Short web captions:

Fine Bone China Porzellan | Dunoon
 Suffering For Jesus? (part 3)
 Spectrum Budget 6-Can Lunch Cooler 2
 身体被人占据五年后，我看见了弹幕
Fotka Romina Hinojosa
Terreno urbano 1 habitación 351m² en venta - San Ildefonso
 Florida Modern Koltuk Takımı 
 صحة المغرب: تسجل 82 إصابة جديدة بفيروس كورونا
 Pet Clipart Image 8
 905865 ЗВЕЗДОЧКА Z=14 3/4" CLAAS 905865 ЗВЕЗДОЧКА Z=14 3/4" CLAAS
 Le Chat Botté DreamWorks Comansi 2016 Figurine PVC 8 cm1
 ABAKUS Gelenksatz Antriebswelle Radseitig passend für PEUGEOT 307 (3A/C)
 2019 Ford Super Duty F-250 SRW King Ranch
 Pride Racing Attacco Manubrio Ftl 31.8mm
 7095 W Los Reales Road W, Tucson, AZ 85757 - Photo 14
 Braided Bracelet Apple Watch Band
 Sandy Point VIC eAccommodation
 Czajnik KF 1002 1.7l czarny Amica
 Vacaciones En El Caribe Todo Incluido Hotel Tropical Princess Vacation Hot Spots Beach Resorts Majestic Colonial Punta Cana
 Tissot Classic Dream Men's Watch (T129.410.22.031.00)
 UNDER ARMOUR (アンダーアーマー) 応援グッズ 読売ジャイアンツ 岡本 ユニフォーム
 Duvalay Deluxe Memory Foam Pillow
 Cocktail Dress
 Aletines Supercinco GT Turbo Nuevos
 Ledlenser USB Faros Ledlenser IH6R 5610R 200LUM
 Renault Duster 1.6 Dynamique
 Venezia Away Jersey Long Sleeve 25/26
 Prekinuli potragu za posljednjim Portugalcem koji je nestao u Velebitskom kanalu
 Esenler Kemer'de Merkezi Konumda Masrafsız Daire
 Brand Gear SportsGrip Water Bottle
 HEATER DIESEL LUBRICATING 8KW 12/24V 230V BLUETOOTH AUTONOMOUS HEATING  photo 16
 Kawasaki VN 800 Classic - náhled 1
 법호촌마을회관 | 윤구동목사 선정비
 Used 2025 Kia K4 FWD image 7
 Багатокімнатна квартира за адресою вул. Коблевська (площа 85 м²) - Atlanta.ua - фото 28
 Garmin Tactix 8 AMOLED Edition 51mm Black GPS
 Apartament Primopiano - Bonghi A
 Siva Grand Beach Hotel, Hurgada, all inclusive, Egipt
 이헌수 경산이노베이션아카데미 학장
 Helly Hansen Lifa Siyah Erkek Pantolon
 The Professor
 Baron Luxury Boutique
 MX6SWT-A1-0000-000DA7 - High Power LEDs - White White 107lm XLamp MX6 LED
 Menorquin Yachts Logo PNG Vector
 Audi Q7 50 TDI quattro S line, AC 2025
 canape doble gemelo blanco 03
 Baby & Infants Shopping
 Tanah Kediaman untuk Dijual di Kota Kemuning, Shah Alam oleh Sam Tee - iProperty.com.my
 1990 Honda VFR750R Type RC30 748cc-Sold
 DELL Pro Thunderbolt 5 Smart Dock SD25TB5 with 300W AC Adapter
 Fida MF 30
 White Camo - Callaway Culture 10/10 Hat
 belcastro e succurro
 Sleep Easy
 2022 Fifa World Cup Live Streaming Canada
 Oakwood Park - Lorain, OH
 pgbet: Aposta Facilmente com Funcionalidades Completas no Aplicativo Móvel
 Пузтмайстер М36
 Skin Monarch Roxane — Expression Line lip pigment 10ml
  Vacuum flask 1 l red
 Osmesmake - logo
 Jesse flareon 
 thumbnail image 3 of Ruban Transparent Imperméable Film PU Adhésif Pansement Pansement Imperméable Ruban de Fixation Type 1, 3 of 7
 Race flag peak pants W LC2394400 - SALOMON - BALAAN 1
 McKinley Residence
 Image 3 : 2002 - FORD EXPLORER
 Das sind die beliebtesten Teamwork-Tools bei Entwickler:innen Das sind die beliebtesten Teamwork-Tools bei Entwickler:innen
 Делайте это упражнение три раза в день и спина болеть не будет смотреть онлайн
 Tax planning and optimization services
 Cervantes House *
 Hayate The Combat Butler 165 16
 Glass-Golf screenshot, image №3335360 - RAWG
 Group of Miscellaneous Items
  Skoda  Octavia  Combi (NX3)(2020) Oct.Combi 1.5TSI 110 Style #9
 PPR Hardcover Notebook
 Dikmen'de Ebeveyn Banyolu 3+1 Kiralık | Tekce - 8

[THE PROBLEM] Retype exactly, and only, the lines that run from the one with "Jesse flareon" through the final line of the entries.

[WRITTEN REPLY]
 Jesse flareon 
 thumbnail image 3 of Ruban Transparent Imperméable Film PU Adhésif Pansement Pansement Imperméable Ruban de Fixation Type 1, 3 of 7
 Race flag peak pants W LC2394400 - SALOMON - BALAAN 1
 McKinley Residence
 Image 3 : 2002 - FORD EXPLORER
 Das sind die beliebtesten Teamwork-Tools bei Entwickler:innen Das sind die beliebtesten Teamwork-Tools bei Entwickler:innen
 Делайте это упражнение три раза в день и спина болеть не будет смотреть онлайн
 Tax planning and optimization services
 Cervantes House *
 Hayate The Combat Butler 165 16
 Glass-Golf screenshot, image №3335360 - RAWG
 Group of Miscellaneous Items
  Skoda  Octavia  Combi (NX3)(2020) Oct.Combi 1.5TSI 110 Style #9
 PPR Hardcover Notebook
 Dikmen'de Ebeveyn Banyolu 3+1 Kiralık | Tekce - 8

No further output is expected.